§ **RECORDS PROVIDED**:
+ + +

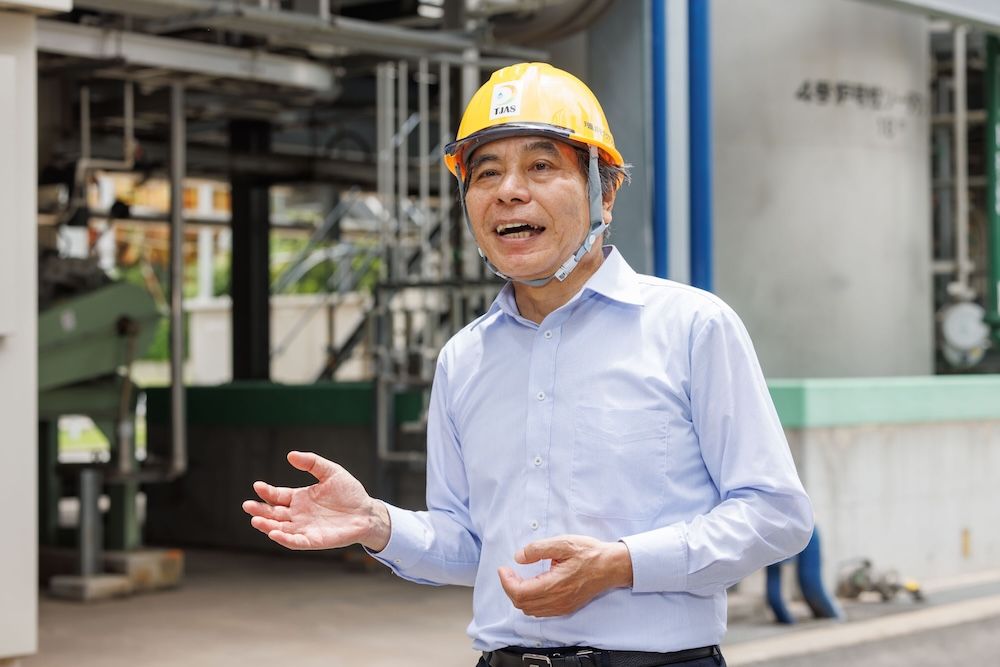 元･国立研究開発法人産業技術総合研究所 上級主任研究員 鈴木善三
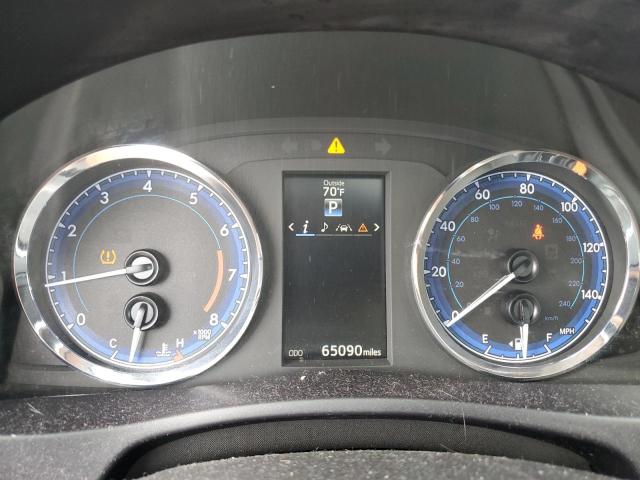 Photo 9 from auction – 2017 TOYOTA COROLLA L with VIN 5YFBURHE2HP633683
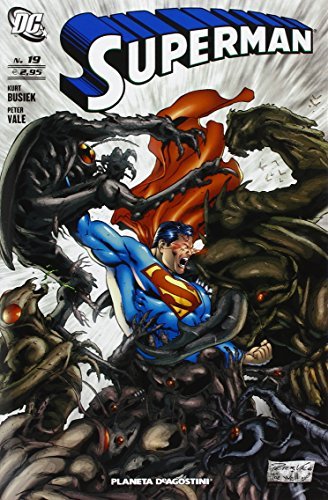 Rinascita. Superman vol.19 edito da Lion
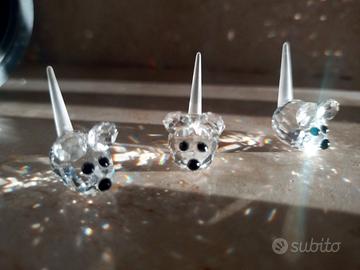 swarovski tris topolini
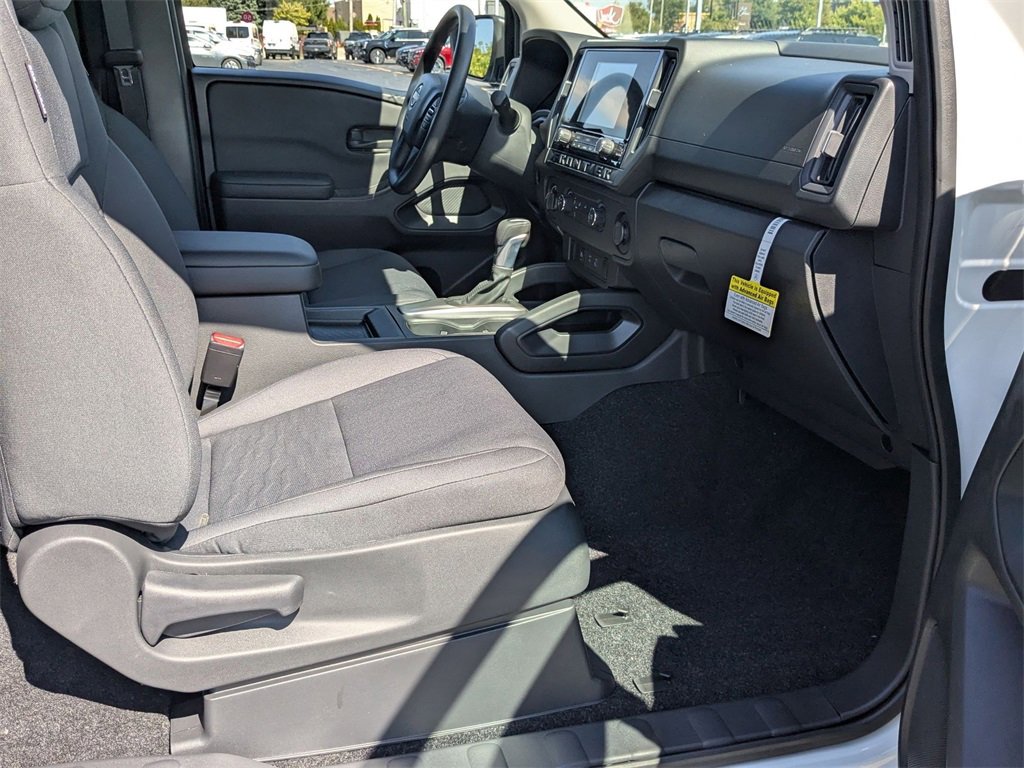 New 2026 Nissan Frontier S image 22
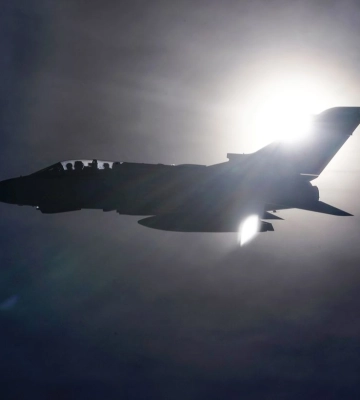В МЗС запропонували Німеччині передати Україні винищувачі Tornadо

+ + +

§ **YOUR ASSIGNMENT**: Please print the entries exactly as they stand. Images are not part of the copy.

§ **ANSWER FOR THE TASK**:
 元･国立研究開発法人産業技術総合研究所 上級主任研究員 鈴木善三
 Photo 9 from auction – 2017 TOYOTA COROLLA L with VIN 5YFBURHE2HP633683
 Rinascita. Superman vol.19 edito da Lion
 swarovski tris topolini
 New 2026 Nissan Frontier S image 22
В МЗС запропонували Німеччині передати Україні винищувачі Tornadо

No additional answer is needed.